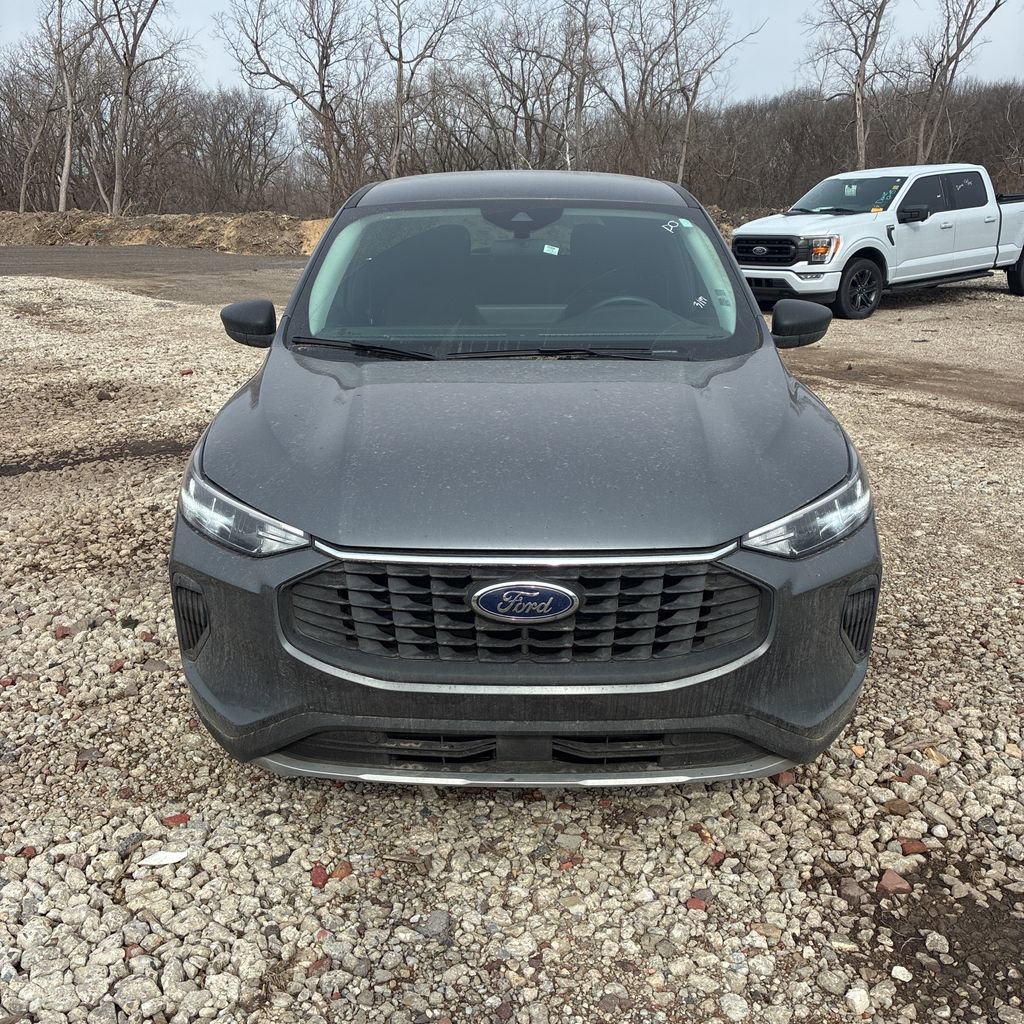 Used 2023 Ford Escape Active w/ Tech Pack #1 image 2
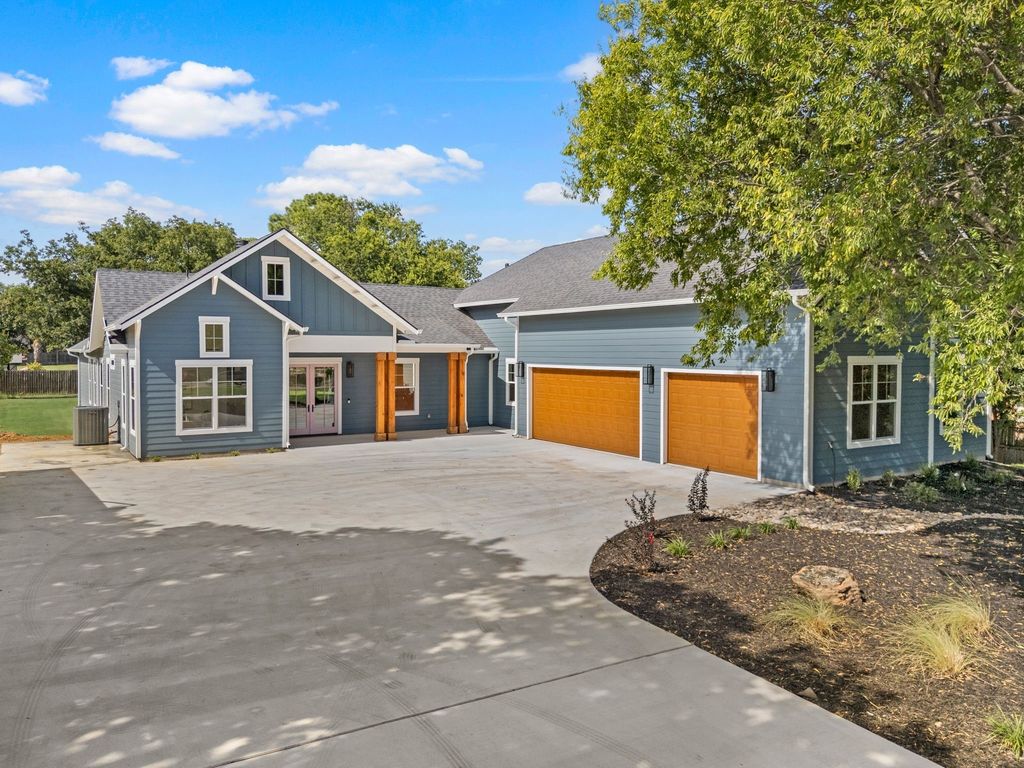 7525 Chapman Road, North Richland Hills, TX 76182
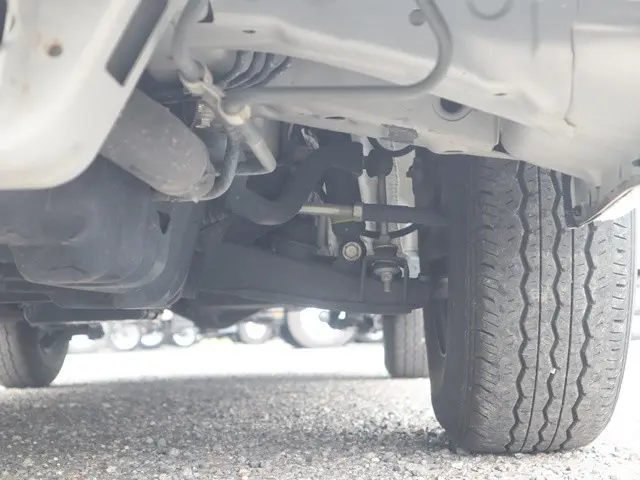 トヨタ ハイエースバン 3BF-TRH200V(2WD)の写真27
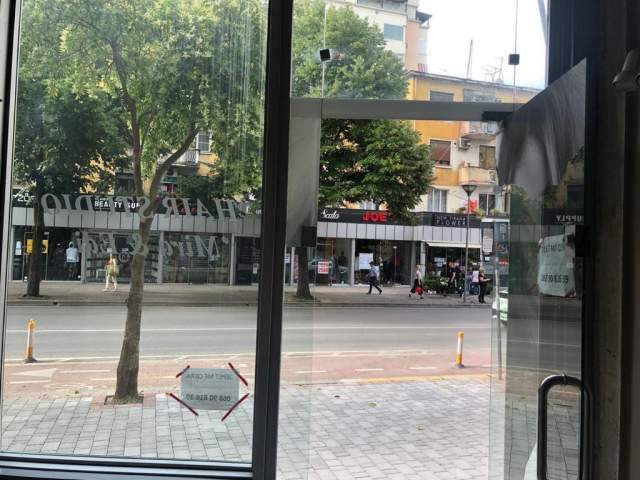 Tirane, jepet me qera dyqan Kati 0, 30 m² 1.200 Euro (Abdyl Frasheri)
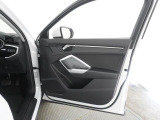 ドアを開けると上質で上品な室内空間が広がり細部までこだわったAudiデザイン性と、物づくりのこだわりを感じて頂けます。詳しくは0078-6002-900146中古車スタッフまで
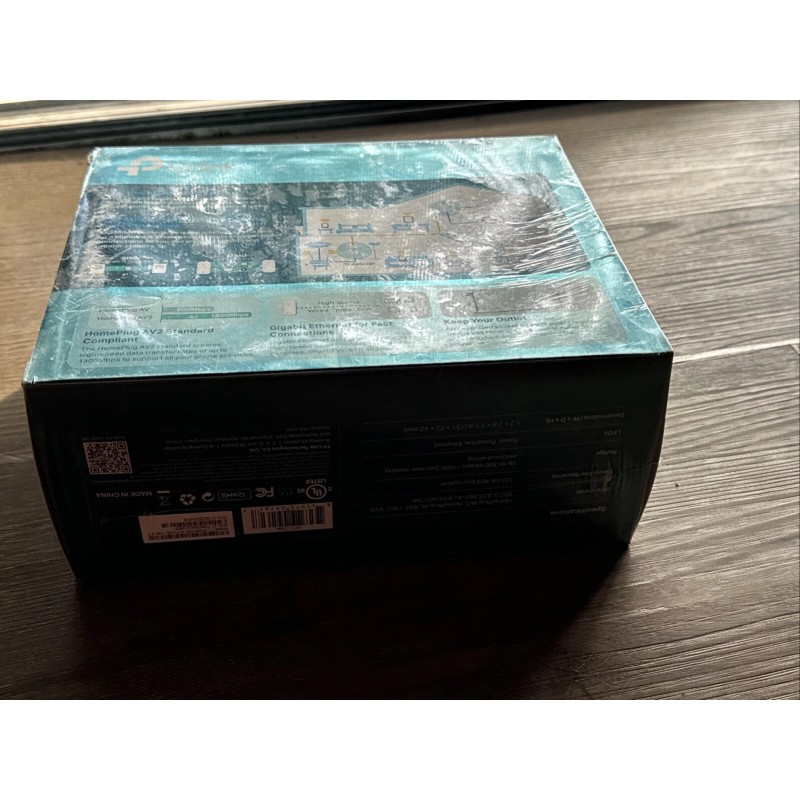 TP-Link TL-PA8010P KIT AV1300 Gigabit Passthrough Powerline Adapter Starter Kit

■ **Activity**
Output the records exactly, please. The pictures are not part of the copy.

■ **Response to this task**
 Used 2023 Ford Escape Active w/ Tech Pack #1 image 2
 7525 Chapman Road, North Richland Hills, TX 76182
 トヨタ ハイエースバン 3BF-TRH200V(2WD)の写真27
 Tirane, jepet me qera dyqan Kati 0, 30 m² 1.200 Euro (Abdyl Frasheri)
 ドアを開けると上質で上品な室内空間が広がり細部までこだわったAudiデザイン性と、物づくりのこだわりを感じて頂けます。詳しくは0078-6002-900146中古車スタッフまで
 TP-Link TL-PA8010P KIT AV1300 Gigabit Passthrough Powerline Adapter Starter Kit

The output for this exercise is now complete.